According to previous reports from this outlet, Chainalysis, a blockchain research and software provider startup, secured $30 million in its recent Series B, led by the San Francisco-based Accel Ventures, which also has a stake in Circle. Chainalysis, which actively aids American governmental agencies (Department of Justice, Securities and Exchange Commission, etc.) in crypto-related cases, is looking to bolster its staffer lineup and European operations with this funding influx.
Coin Metrics, a Bitcoin-centric blockchain research unit based out of Massachusetts, recently raised $1.9 million, as it seeks to make much-needed information available to a wider population, thus increasing the health of this nascent space.
Kraken itself even made a nine-figure deal, completing the biggest industry deal of 2019 so far. The company acquired CryptoFacilities, a European Bitcoin derivatives provider, to start its foray into the array of alternative investment products. The details of the deal were scant, but it was explained that Facilitates gained at least $100 million from its business partner.

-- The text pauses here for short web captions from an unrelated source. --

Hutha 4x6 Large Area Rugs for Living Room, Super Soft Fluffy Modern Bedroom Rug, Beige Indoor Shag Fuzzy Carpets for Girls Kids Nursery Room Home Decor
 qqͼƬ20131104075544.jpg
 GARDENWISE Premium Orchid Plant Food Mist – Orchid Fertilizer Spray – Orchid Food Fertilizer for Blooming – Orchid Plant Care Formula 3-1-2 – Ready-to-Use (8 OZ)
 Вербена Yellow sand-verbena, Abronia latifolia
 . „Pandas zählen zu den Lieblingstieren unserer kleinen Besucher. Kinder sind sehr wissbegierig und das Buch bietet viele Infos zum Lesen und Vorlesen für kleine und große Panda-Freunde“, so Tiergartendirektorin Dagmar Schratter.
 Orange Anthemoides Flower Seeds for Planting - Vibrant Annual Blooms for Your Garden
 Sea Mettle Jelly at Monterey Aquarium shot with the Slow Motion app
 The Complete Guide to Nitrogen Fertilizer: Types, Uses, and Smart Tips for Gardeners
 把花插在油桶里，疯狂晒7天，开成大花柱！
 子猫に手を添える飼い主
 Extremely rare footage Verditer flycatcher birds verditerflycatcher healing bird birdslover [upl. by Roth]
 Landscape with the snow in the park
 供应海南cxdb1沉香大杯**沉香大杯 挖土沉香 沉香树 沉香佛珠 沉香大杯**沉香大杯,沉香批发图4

Institutions Continue Bolstering Crypto Holdings
Although much of crypto startups have garnered capital from Silicon Valley venture groups, like the world-renowned Andreessen Horowitz, this jaw-dropping funding figure has hints of institutional involvement sprinkled throughout.
Case in point, citing a number of sources familiar with the matter, Singapore’s primary sovereign wealth fund, GIC, purportedly participated in Coinbase’s historic $300 million funding round that concluded in October 2018. For those who missed the memo, this round, which valued the now-XRP-friendly Coinbase at $8 billion, was led by Tiger Global and Andreessen Horowitz. So interestingly, Singapore’s involvement in the San Francisco-based company wasn’t initially disclosed.
GIC isn’t the only incumbent of legacy finance to have allocated millions to the Bitcoin cause. Bakkt’s parent company, the Intercontinental Exchange (ICE), gave its cryptocurrency foray hundreds of millions in capital, as it nears its launch.
The University of Michigan’s endowment, valued at a hefty $12 billion, was recently revealed to have its eyes set on giving a hefty cheque to a16z, specifically for its CNK fund that invests in blockchain ventures.
And arguably most notably, two pension funds headquartered in Fairfax County, Virginia, were the principals behind Morgan Creek Digital’s $40 million venture fund, which has up to a 10% allocation in physical cryptocurrencies, like Bitcoin and Ethereum, as the remaining capital gets siphoned into equity deals with promising projects with visions of grandeur.